What is the the vertex of y = (x -4)^2+9x-20 ?

Dec 3, 2015

$y = {\left(x + \frac{1}{2}\right)}^{2} - \frac{17}{4}$

Vertex $\left(- \frac{1}{2} , - \frac{17}{4}\right)$
Axis of symmetry: $x = - \frac{1}{2}$

Explanation:

Remember quadratic form is $y = a {x}^{2} + b x + c \text{ " " " " " } \left(1\right)$

The vertex form of the quadratic equation is $y = a {\left(x - h\right)}^{2} + k \text{ " " " " " " " " " " } \left(2\right)$

Notice the equation is $y = {\left(x - 4\right)}^{2} + 9 x - 20$ is not in the vertex form.

We begin by expand the equation like so

$y = {\left(x - 4\right)}^{2} + 9 x - 20$

$y = \left(x - 4\right) \left(x - 4\right) + 9 x - 20$
$y = \left({x}^{2} - 4 x - 4 x + 16\right) + 9 x - 20$
$y = {x}^{2} - 8 x + 16 + 9 x - 20$
$y = {x}^{2} + x - 4 \text{ " " " " " " " " " " " " } \left(3\right)$

After we simplify function, we have $y = {x}^{2} + x - 4$ , we can write it in the vertex form by the process of completing the square.

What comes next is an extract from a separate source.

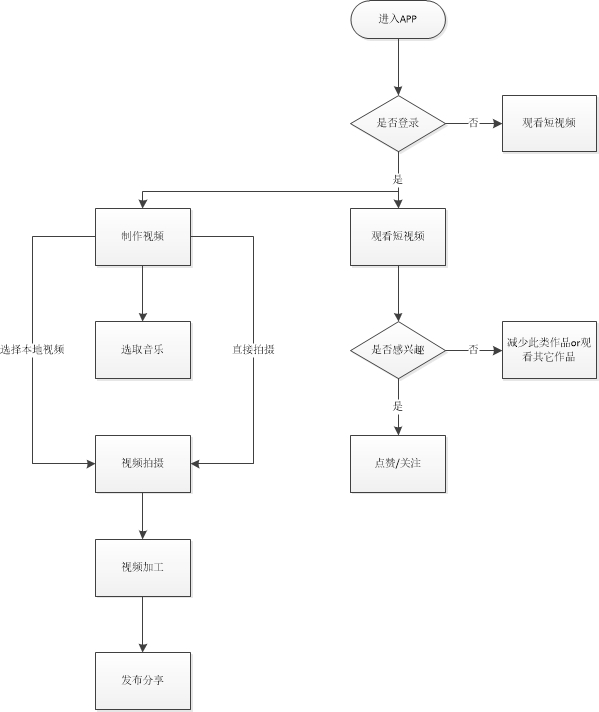 抖音：短视频万军丛中杀出的一匹黑马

$y = \left({x}^{2} + x + \textcolor{red}{\square}\right) - 4 - \textcolor{b l u e}{\square} \text{ " " } \left(4\right)$

Note: the goal of completing the square if to create a perfect trinomial.
The number in the square is ${\left(\frac{b}{2}\right)}^{2}$

In this case, the middle term is $1$ , ${\left(\frac{1}{2}\right)}^{2} = \frac{1}{4} \text{ " " " } \left(5\right)$

$y = \left({x}^{2} + x + \textcolor{red}{\frac{1}{4}}\right) - 4 - \textcolor{b l u e}{\frac{1}{4}} \text{ " " } \left(6\right)$

$y = \left({x}^{2} + x + \textcolor{red}{\frac{1}{4}}\right) - \frac{16}{4} - \textcolor{b l u e}{\frac{1}{4}}$
$y = {\left(x + \frac{1}{2}\right)}^{2} - \frac{17}{4} \text{ " " " " } \left(7\right)$

There is alternative method to fid the vertex using
${x}_{v e r t e x} = - \frac{b}{2 a}$

${y}_{v e r t e x} = f \left(- \frac{b}{2 a}\right)$

I hope this help.